─── Information ───
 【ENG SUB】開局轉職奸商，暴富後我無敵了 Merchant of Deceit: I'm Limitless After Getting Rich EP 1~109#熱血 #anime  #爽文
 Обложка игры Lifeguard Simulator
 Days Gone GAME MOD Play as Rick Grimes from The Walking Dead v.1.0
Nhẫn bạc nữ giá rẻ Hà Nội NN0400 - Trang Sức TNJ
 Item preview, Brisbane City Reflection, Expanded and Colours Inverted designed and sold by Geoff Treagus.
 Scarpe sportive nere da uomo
───
─── Information ───
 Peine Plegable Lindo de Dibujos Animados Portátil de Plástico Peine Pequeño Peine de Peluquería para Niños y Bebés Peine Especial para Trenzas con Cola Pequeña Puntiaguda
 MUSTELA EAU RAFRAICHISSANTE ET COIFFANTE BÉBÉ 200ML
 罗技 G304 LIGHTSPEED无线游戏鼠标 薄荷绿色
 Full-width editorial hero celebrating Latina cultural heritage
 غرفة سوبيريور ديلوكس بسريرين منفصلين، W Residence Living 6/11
───
─── Information ───
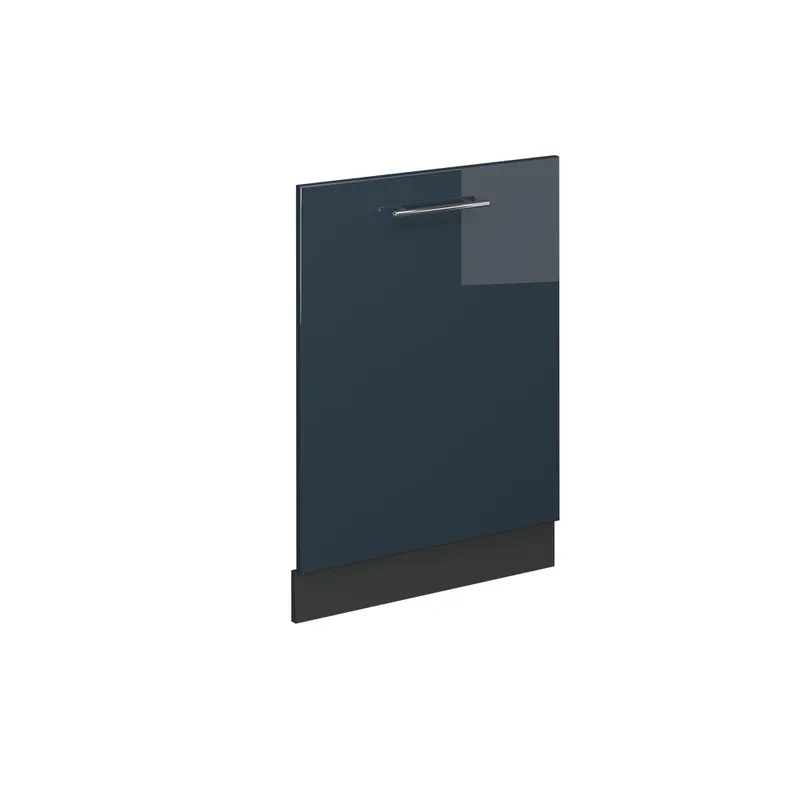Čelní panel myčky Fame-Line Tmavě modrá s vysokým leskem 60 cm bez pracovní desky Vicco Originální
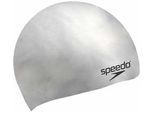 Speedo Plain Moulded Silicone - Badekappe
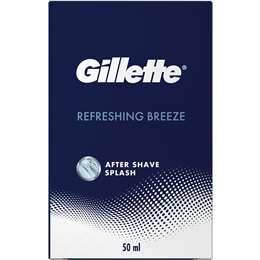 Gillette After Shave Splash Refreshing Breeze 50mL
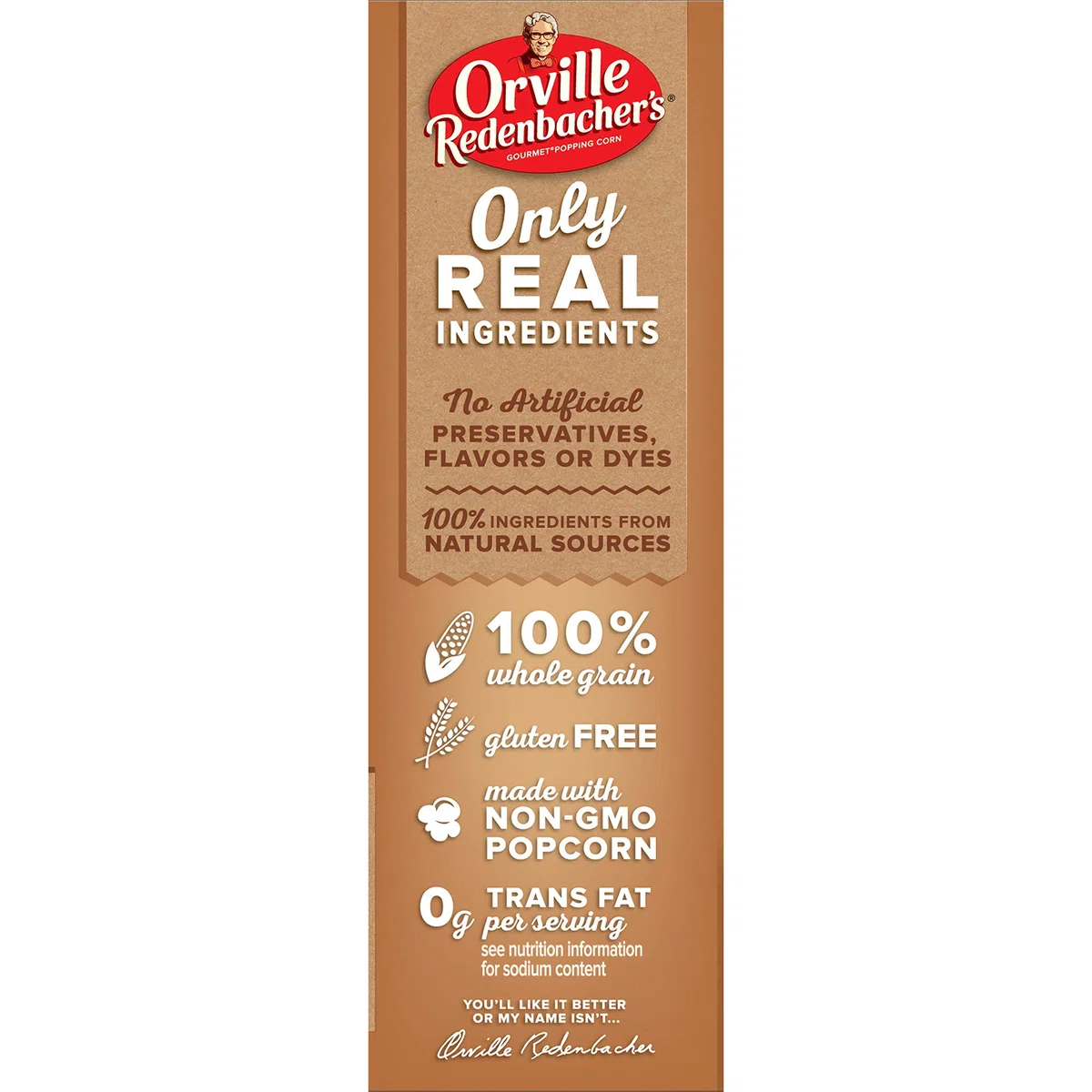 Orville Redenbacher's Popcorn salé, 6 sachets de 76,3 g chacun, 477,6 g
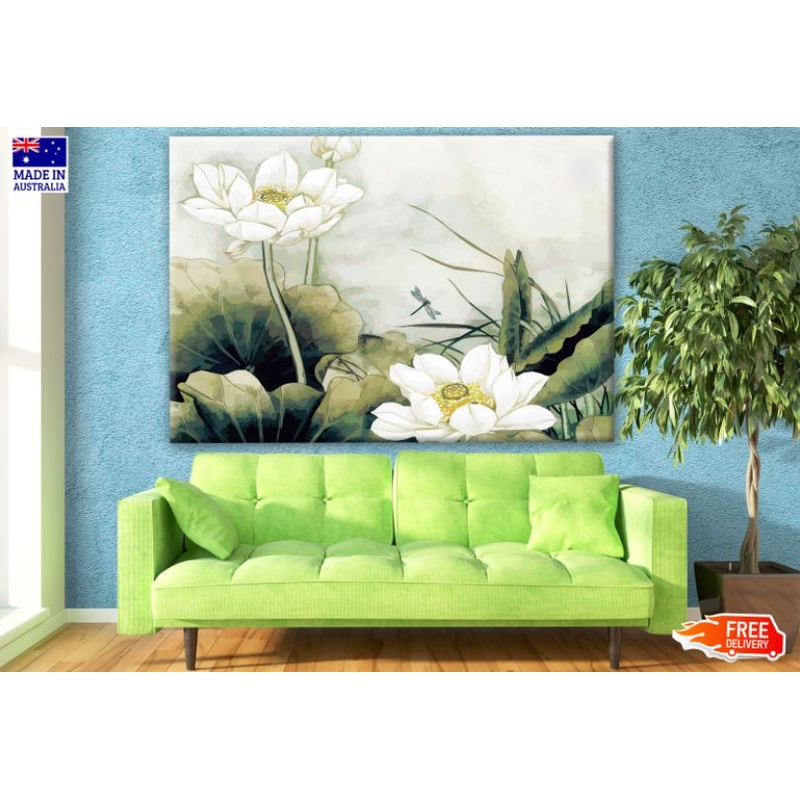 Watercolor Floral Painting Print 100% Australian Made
───
> **What you will do**
Repeat exactly the lines above from the one with "SUB】開局轉職奸商，暴富後我無敵了 Merchant of" up to and including the one with "Scarpe sportive nere da uomo". No other line belongs in the reply.

> **Response**
 【ENG SUB】開局轉職奸商，暴富後我無敵了 Merchant of Deceit: I'm Limitless After Getting Rich EP 1~109#熱血 #anime  #爽文
 Обложка игры Lifeguard Simulator
 Days Gone GAME MOD Play as Rick Grimes from The Walking Dead v.1.0
Nhẫn bạc nữ giá rẻ Hà Nội NN0400 - Trang Sức TNJ
 Item preview, Brisbane City Reflection, Expanded and Colours Inverted designed and sold by Geoff Treagus.
 Scarpe sportive nere da uomo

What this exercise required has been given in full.